● **The problem**
Could the listing be repeated exactly, with every picture dropped?

[[ Data excerpt open ]]

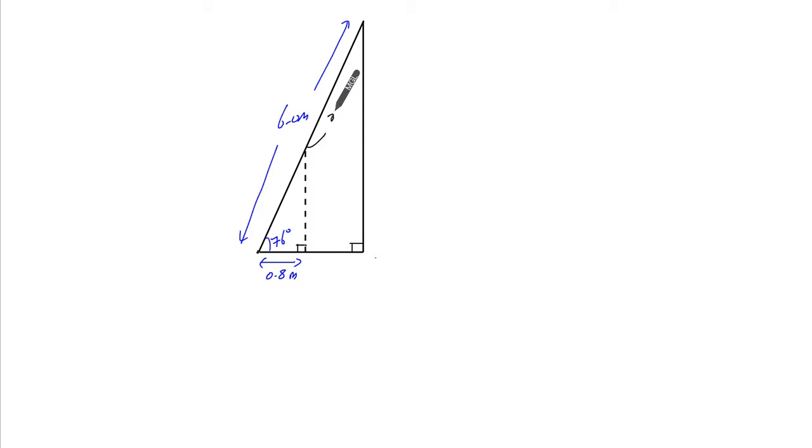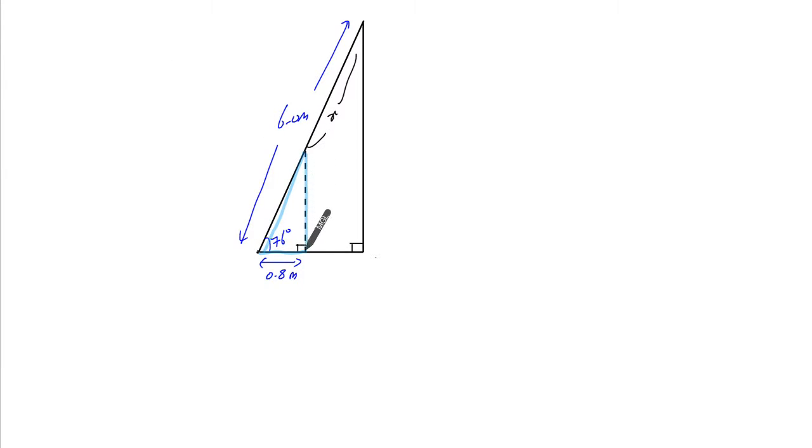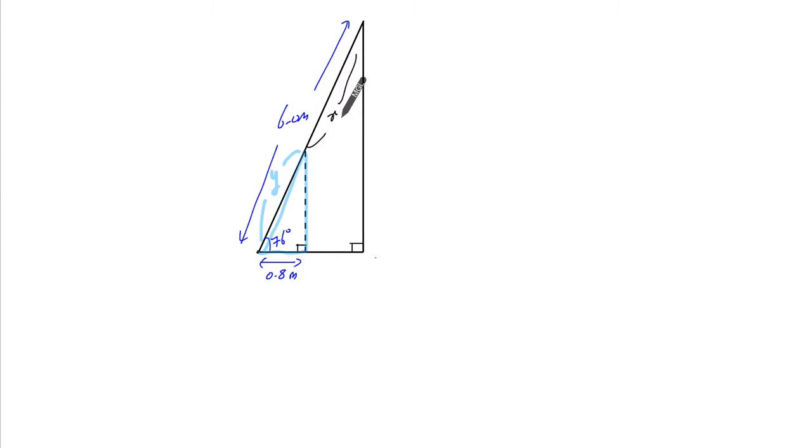We're looking for this distance right here. The way we're going to do that is to first study this triangle and find this. Let's call this y, because if I find y, x is just the difference between 6 and y, so we can find x.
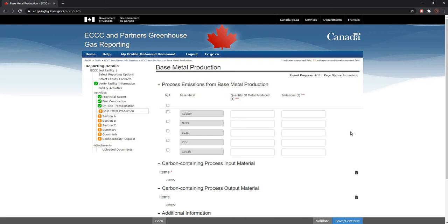Please keep in mind that the system will log you out after 20 minutes of inactivity. So please make sure that you constantly save your data so that no data entered is lost, by clicking on the Save Continue button at the bottom of the screen. It's always best to have all your information on hand while filling in your report.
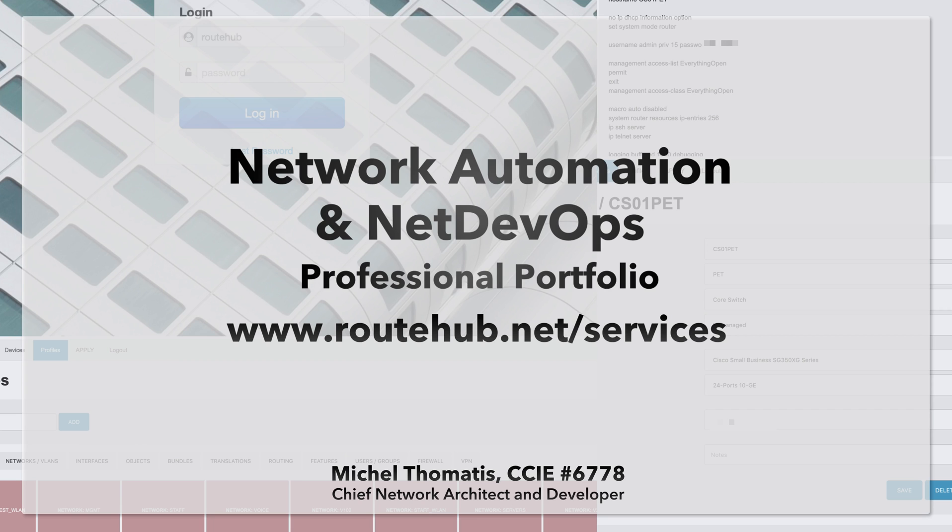And that is a summary of my portfolio of some of the major network projects that I have worked with in regards to network automation, DevOps, or specifically NetDevOps that I provided for customers, for businesses, and for network engineers and consultants. You can get more information at routehub.net and you can contact us at sales at routehub.com.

[[ Data excerpt closed ]]

● **Solution**
We're looking for this distance right here. The way we're going to do that is to first study this triangle and find this. Let's call this y, because if I find y, x is just the difference between 6 and y, so we can find x.
Please keep in mind that the system will log you out after 20 minutes of inactivity. So please make sure that you constantly save your data so that no data entered is lost, by clicking on the Save Continue button at the bottom of the screen. It's always best to have all your information on hand while filling in your report.
And that is a summary of my portfolio of some of the major network projects that I have worked with in regards to network automation, DevOps, or specifically NetDevOps that I provided for customers, for businesses, and for network engineers and consultants. You can get more information at routehub.net and you can contact us at sales at routehub.com.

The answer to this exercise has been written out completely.